Monday, March 16, 2009


A.I.G. used to stand for American International Group. Today it stands for Arrogant Institutional Greed.

The big international company which has received more than 170 billion in taxpayer bailout money is paying nearly 165 million in bonuses to many of the same people in the business unit whose decisions lead to the companies catalyst for collapse last year. The total amount of “retention” bonuses is $450 million over the next few years.

The argument is that the bonuses are needed to keep the most skilled executives. Skilled? Are not some of them the ones who brought the company to the brink of disaster? Isn’t this the company that wrote trillions of dollars’ worth of credit-default swaps backed by subprime mortgages?

Like a lot of Americans I don’t understand the intricacies of company and government finance; it’s not my field of interest.

I do understand greed when I see it. I do recognize arrogance when I see it. I know of inappropriate bonus transactions and alleged obligations and I don’t like what I see.

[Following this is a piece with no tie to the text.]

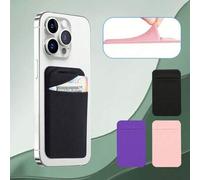 Shein Soporte universal para tarjetas adhesivo para teléfonos, bolsillo multifunción portátil y conveniente con tapa, desmontable y extensible para mayor ca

It seems that a body of legal analysts looked at the AIG contracts promising the bonuses and apparently said they were contracted early last year before any bailout money was given and legally must be paid. Hogwash.

If the company had been allowed to default, to go bankrupt, which I understand could disrupt the economic system of the world, where would the bonus money promised have come from?

It seems to me that at that point all contracts are null and void and all promises negated. The American taxpayer, who now owns nearly 80 percent of the company, should not be responsible to pay contracts or bonuses agreed to before it ever got involved. Come on…where is common sense?

And as for keeping the “skilled” executives. How many do you think will put AIG financial Products Unit on their resume when they look for a new job?